To me, it's really a very personal question. When do WE (individual) consider ourselves serious about this trade/craft to call ourselves a writer instead of a hobbyist? By definition, a writer is someone who writes. A singer is someone who sings. A painter is someone who paints. A guitarist is someone who plays the guitar. But that definition doesn't bode with with people who makes these endeavors into professions. Actors, I know, are very sensitive about people calling themselves "actors" just because they acted in a play in 12th grade. In fact, some of my actor friends are visibly upset and offended when they hear some fresh-faced person arriving in Hollywood with stars in their eyes -- meanwhile they have had no training or experience in acting at all.

Now, writing is a weird thing, I must say. Most people learn to write when they're little. Unlike acting, it's a basic skill to be learned and mastered during school. By high school, most people would have learned to write competently (hopefully) and have probably written a bunch of things (poetry, essays, school papers, articles, fiction, etc.) -- so does that mean literally everyone is a writer? So what makes me a writer as compared to others?
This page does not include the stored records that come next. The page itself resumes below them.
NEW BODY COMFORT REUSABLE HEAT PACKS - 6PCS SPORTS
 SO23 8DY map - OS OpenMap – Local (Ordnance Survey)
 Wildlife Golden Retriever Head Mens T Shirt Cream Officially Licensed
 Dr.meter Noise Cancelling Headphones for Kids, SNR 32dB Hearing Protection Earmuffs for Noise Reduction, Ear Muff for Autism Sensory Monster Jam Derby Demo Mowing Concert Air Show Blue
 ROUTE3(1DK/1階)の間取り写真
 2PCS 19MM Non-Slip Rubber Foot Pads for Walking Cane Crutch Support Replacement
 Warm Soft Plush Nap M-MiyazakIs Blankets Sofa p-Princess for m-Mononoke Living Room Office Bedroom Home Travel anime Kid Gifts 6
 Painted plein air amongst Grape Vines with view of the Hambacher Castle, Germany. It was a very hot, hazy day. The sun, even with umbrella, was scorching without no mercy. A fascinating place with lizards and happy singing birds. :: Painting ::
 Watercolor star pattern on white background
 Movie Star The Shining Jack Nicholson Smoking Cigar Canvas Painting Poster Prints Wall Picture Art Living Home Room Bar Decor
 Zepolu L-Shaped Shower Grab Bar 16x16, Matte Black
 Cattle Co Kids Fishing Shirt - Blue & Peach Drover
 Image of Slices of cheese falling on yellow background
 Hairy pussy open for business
Or am I simply a professional writer because I get paid?

Now here's some funny data:

- I got paid $5.00 for the first piece of writing I ever sold
- My first writing job paid me $25 per article

In comparison:

- My first "real" acting job paid me $950 for two weeks' performances
- My second job paid me $5000.

When you compare how much I made from my writing vs. acting, you'd have thought that I'd consider myself an actor more than a writer. You would be wrong. Being an actor continues to be a "hobby" in my mind even though I've had some success with it, and I'm technically a "professional actor" with a SAG membership to prove it. I don't make enough from my writing to pay for my Starbucks addiction.

To me, it all comes down to the mindset. I'm dead serious about making writing my trade. I'm working on a novel, a bunch of short stories, essays, articles, reviews. I write every day. I learn everything I can whenever I can. I write every day. When I'm not writing, I'm always actively thinking on my stories, developing them in my mind. To me, my efforts in my pursuit as a writer is far more effective and serious than that as an actor. And yet, I get paid far more for my "acting" than my writing.

But I would call myself a writer any day instead of an actor. In fact, I have no qualms with calling myself a writer, but I feel embarrassed whenever I call myself an actor. Why? I'm not sure. Certainly it's not a matter of lack of stuff to show for it -- I have a novel and a bunch of stories published. There are also movies and commercials and TV shows. I have residual and royalties checks to show for it.

It comes down to what I really want to do... maybe one day I would proudly call myself an actor without any kind of embarrassment. Just not today.